Papua mengatakan upaya ke arah
otonomi yang lebih besar telah tidak efektif. Dalam 10 tahun sejak mendapatkan
status khusus mereka telah melihat sedikit perbaikan dalam kemiskinan dan
pengangguran. Marginalisasi ekonomi, pelanggaran HAM oleh pasukan keamanan
Indonesia dan masuknya pendatang yang mengambil cepat-cepat pekerjaan terbaik
adalah alasan gerakan kemerdekaan tetap membawa traksi.
Selama protes terakhir polisi
telah menangkap demonstran damai untuk membawa bendera Bintang Kejora, bendera gerakan
kemerdekaan Papua. Menampilkan simbol separatis adalah pelanggaran
pengkhianatan di Indonesia dihukum penjara seumur hidup.
Pada hari Selasa,
bagaimanapun, polisi bertindak dengan menahan diri, menangkap hanya satu
pemrotes. Pemerintah mengontrol ketat wartawan asing dan organisasi
non-pemerintah 'akses ke Papua, tetapi Harsono mengatakan kurangnya berlaku
pada Selasa adalah tanda positif bahwa cerita-cerita diskriminasi dan pelecehan
diberitahu.
"Karena perhatian
internal di Papua Barat semakin besar dan besar, mereka tidak dapat melakukan
bisnis yang sama seperti biasa," tambah Harsono. "Sekarang mereka
tahu ada internet, Facebook, Twitter, You Tube, dan itu menciptakan banyak
masalah bagi diplomasi Indonesia atas Papua Barat. Itulah sebabnya mereka
bekerja keras untuk menahan petugas mereka di tanah untuk tidak memukul orang.
"
Kekerasan masih terjadi,
namun, dan beberapa analis keamanan telah memperingatkan peningkatan
radikalisasi oleh kelompok-kelompok yang merasa kekerasan adalah satu-satunya
cara untuk menarik perhatian internasional untuk perjuangan mereka.

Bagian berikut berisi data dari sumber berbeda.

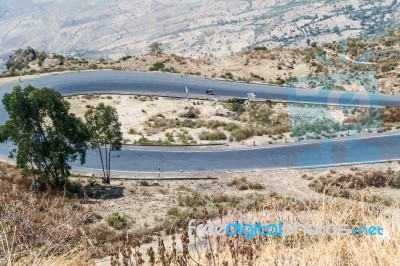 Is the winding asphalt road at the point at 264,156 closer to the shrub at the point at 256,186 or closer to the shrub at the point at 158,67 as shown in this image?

Protes hari Selasa menyusul
dua insiden terpisah kekerasan politik. Pada hari Sabtu lebih dari 17 orang
tewas dalam pertempuran antara klan mendukung kandidat saingan untuk pemilu
distrik yang akan datang. Kemudian pada hari Senin orang bersenjata memblokir
jalan di luar Jayapura, hacking mati empat orang selama pagi penyergapan.
Beberapa pihak menyalahkan
serangan terhadap Gerakan Papua Merdeka, sebuah kelompok gerilya bersenjata
yang telah berjuang untuk kemerdekaan dari Indonesia selama lebih dari empat
dekade. Tapi aktivis mengatakan pemerintah berusaha untuk mendiskreditkan seruan
mereka untuk kemerdekaan.
Para Komite Nasional Papua
Barat adalah di garis depan upaya untuk mencapai kedaulatan yang lebih besar.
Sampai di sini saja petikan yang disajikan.